Google confirms that 301 redirects are the essential mechanism for preserving rankings during a migration. Old content must always point to the new via this type of redirect. However, the phrasing suggests automatic preservation, while the reality shows frequent losses despite technically correct redirects.
What you need to understand
Why does Google emphasize 301 redirects so much?
The 301 redirect represents the clearest technical signal a website can send to search engines when changing a URL. It explicitly indicates that the content has permanently moved to a new address. Google interprets this HTTP code as an instruction for transferring SEO properties: crawl history, accumulated ranking signals, and especially PageRank conveyed by backlinks.

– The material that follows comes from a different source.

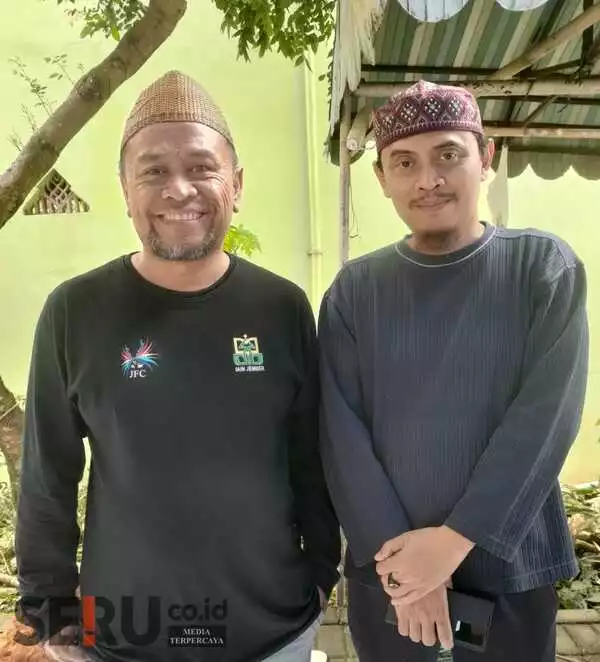 Ketua Takmir Masjid Al Muflikhuun, H.A Malik dan Ketua RT06/RW09 Kampung Jasatirta, Fahmi Hidayat (kanan). (SERU.co.id/mzm) - Kepedulian Sosial dan Kekompakan Warga Kampung Jasatirta di Momen Idul Adha 1444 H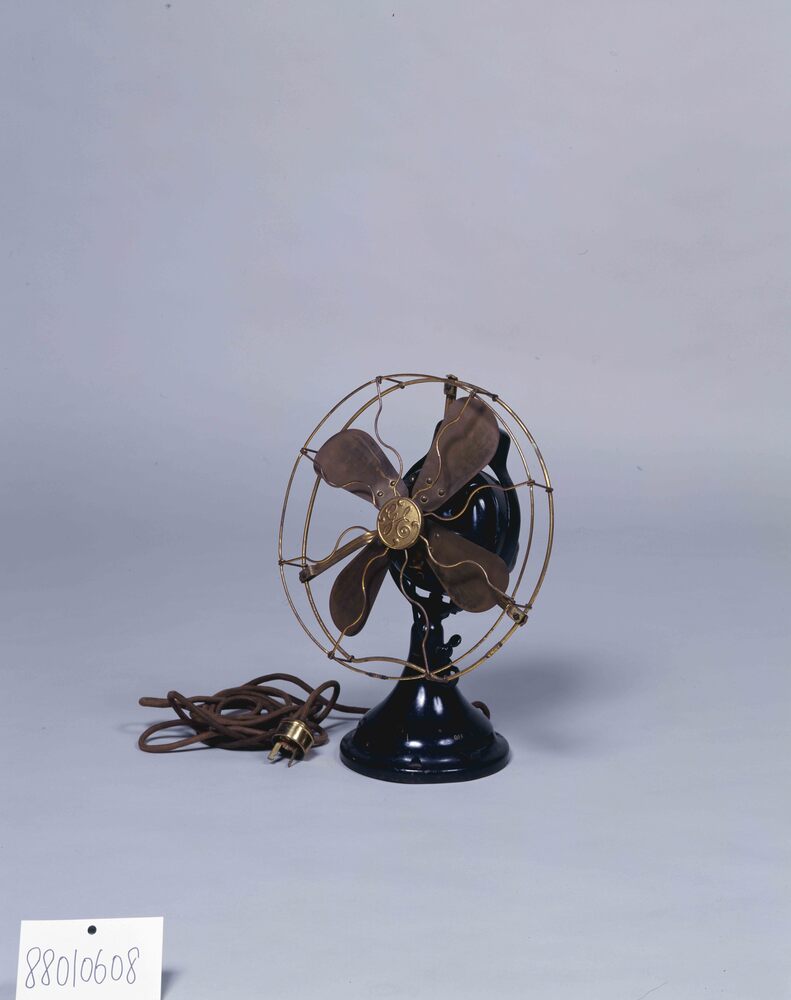 作品画像:電気扇風機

Unlike temporary redirects (302, 307), a 301 allows Google to consolidate the index. The old URL gradually disappears from search results in favor of the new one, which theoretically inherits its strength. Without this redirect, Google treats new URLs as blank pages, without history or authority.
What actually happens during the indexing phase?
When Googlebot encounters a 301, it follows the redirect and begins a process of content reevaluation. The engine checks that the destination page sufficiently matches the original to justify the signal transfer. This is not instantaneous: the old index coexists with the new for several days or even weeks.
The crawl budget plays a crucial role here. On a large site, Google may take weeks to discover and process all redirects. During this transition, some URLs display the cached old version while others show the new one. Position fluctuations are normal during this window.
Does this statement cover all migration scenarios?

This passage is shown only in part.